And decided to channel that irritation in a healthy way… Into a blog post. About all the things that irritate me. I struggled a bit at first – I got up to number 3 and couldn’t think of anything else. I assumed I must be a lovely person who see’s the good in everyone and doesn’t ever get annoyed about anything ever. But then inspiration struck me and I was worried if I didn’t stop at 20, I’d never stop at all.
- When people come into your room then leave the door open. Mum, dad, dog, whoever, just stop.
- “I love Harry Potter”, “Oh cool, me too!”, “Yes but I’m the bigger fan”. How fucking old are you? (someone actually said this to me once)
- When people can’t understand that not everyone hates the cold… Yes, it’s minus 1 and my window is open. Where’s my medal?
- And those people that feel the need to repeat the fact that it’s cold a million times a day. Saying it’s freezing over and over and over again isn’t going to make you any warmer.
- Drafts. As in… The breeze from under a door and when peeps are like, “CLOSE THAT DOOR AFTER 0.0004 SECONDS YOU’RE LETTING A DRAFT IN”, Okay, but did you die?
- Being continuously asked questions whilst watching a film… We’re both watching the same film for the very first time, I don’t know any more than you do so shhhhhh before I punch you.
- “There’s no space in your bedroom, you should get rid of your bookcase,” and you should remove yourself from my life you absolute lunatic.
- “Aren’t you a bit old for Disney/fairy tales/comic books?” Aren’t you a bit old to make those sort of judgements?
- When people seem to think it’s a crime that you don’t like the same things as them. James Bond? Couldn’t give a shit. Indian food? Hate it. *looks out window* Yep… The Earth is still turning, birds are still singing, sun is still shining. Can we move on now?
- Being told to, “get a grip” because you’re sad when one of your favourite celebrities die. You cold-hearted little sod.
- “You should be going to clubs and getting drunk!” Oh am I? Sorry, I must have missed the 20-25 years part of the life manual when I was born. I’ll get right on that.
- On that note, when you just have to have a drink because it’s Christmas. Have I? Because here I am, on Christmas Day, rolling around in chocolate and my new elephant socks perfectly content without one.
- *Offers a different opinion to someone else*, “Oh my god you’re such a bully!” Woah, back up a minute sunshine, I hardly tried to stick your head down a toilet did I?

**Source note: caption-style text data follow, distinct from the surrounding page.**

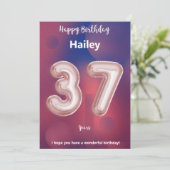 37-jarige Happy Birthday-kaart (Staand voorkant)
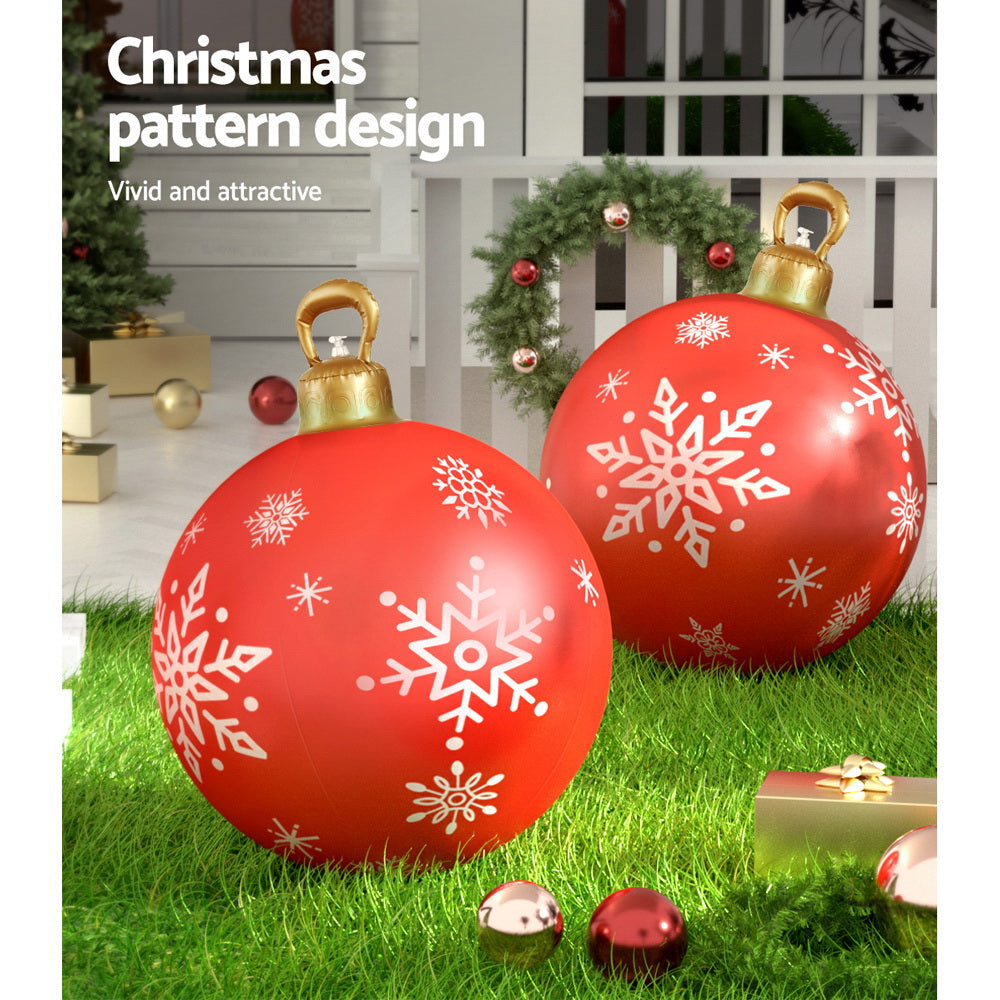 Jingle Jollys Christmas Inflatable Ball Bauble 60cm Outdoor Decoration Red XMAS-INF-BAUBLE-RED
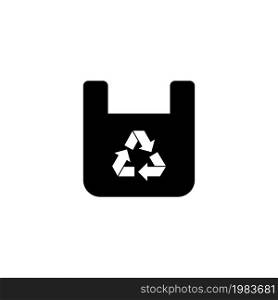 Recycling Paper Bag. Flat Vector Icon illustration. Simple black symbol on white background. Recycling Paper Bag sign design template for web and mobile UI element. Recycling Paper Bag Flat Vector Icon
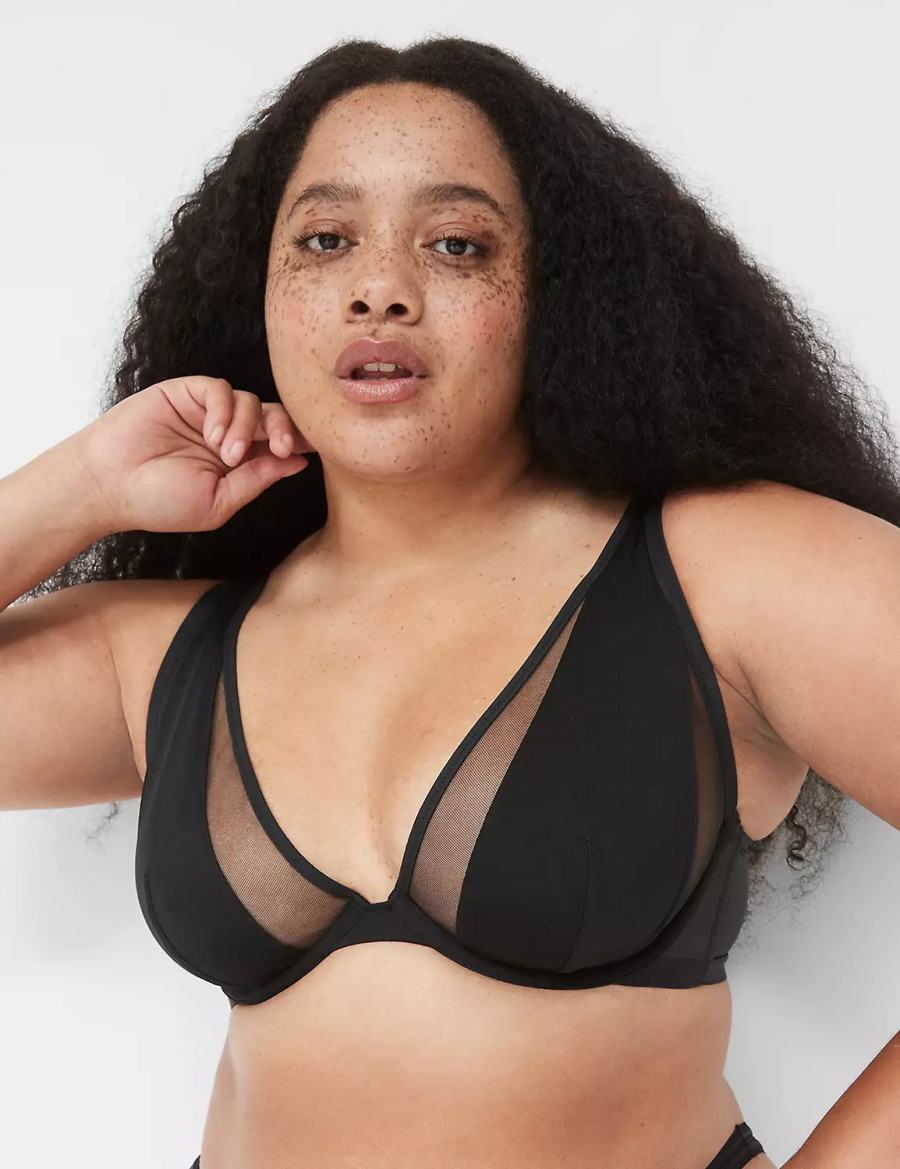 Μπραλέτες γυναικεια Lane Bryant Mesh High Apex μαυρα | TGF654CZ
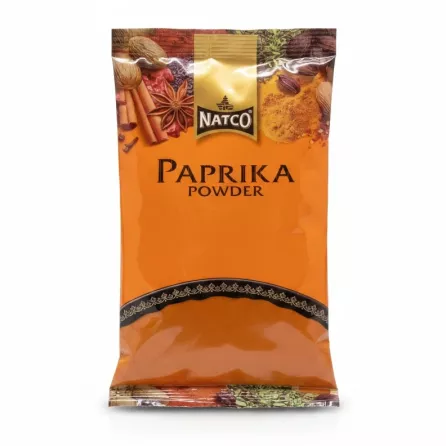 Front packaging of Natco Paprika Powder showing vibrant orange bag with spice imagery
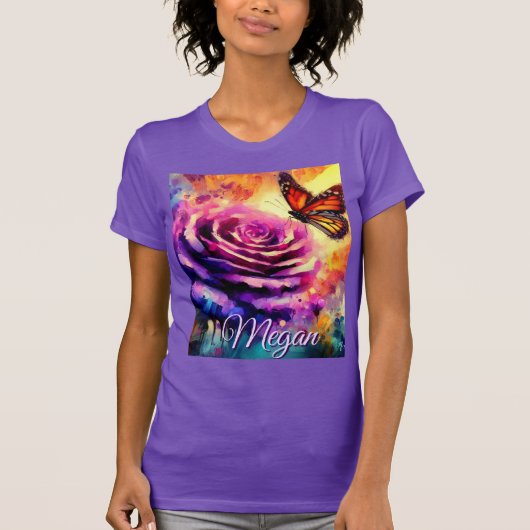 Monarch Butterfly on Rose at Sunset Personalized T-shirt (Voorkant)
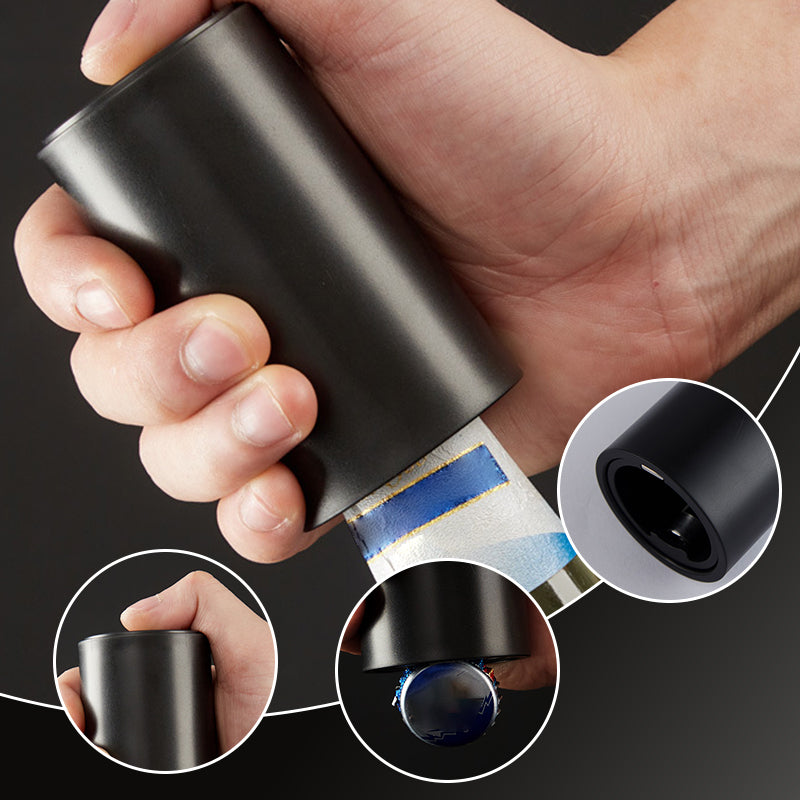 Magnetic bottle opener with push function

- Food snobs. You don’t eat bread, meat, fish, frozen food, processed food, tinned food or anything that’s come out of an animal? Great, good for you – I honestly do envy people who live such a healthy lifestyle and enjoy it but I’m on my way to McDonald’s right now and you won’t make me feel bad about it.
- Book snobs. “Oh so you read chick-lit? What’s that then, something light and fluffy for your commute? I’ve just finished the entire works of Charles Dickens myself.” What? Seriously what.
- Travel snobs. “You have to travel. Oh you just HAVE to. Your life won’t be complete unless you travel. You completely find yourself when you travel. Travel is what brings out the best in you. You can’t begin to understand life unless you travel”. Have you ever considered that some people erm, might not want to? (FYI, I would like to travel somewhere, some day but I’d never force someone into thinking that’s what they need to do)
- “You throw like a girl” Oh, look at you, all observant and stuff. Did the boobs give it away? Or is it these giant ass heels I’m going to kick you with?
- “Why do you like Formula 1? It’s just cars going round and round in circles.” Why do I like reading as well? It’s just words on a page. Or why do I like cooking? It’s just putting food in a pot. Or why do I like blogging? It’s just tapping keys on a laptop. It’s like everything we do or like is made up of someone doing something. Funny that.
- Automated Direct Messages on Twitter. Seriously why are they still a thing? Has anyone ever honestly paid attention to one?
- People who unnecessarily arse around. When everyone’s ready to leave and half an hour later you’re still standing by the front door tapping your foot. These are the same people who can’t make decisions if their life depended on it. How do you get anything done?!
Go on then… What irritates you? Let it all out!
Some of these points were exaggerated for entertainment purposes. Although I agree with all the points I made, I do hope I haven't offended someone in the process. If I have, I do apologise but my only intention was a funny, light-hearted post that I hope most of you can relate to.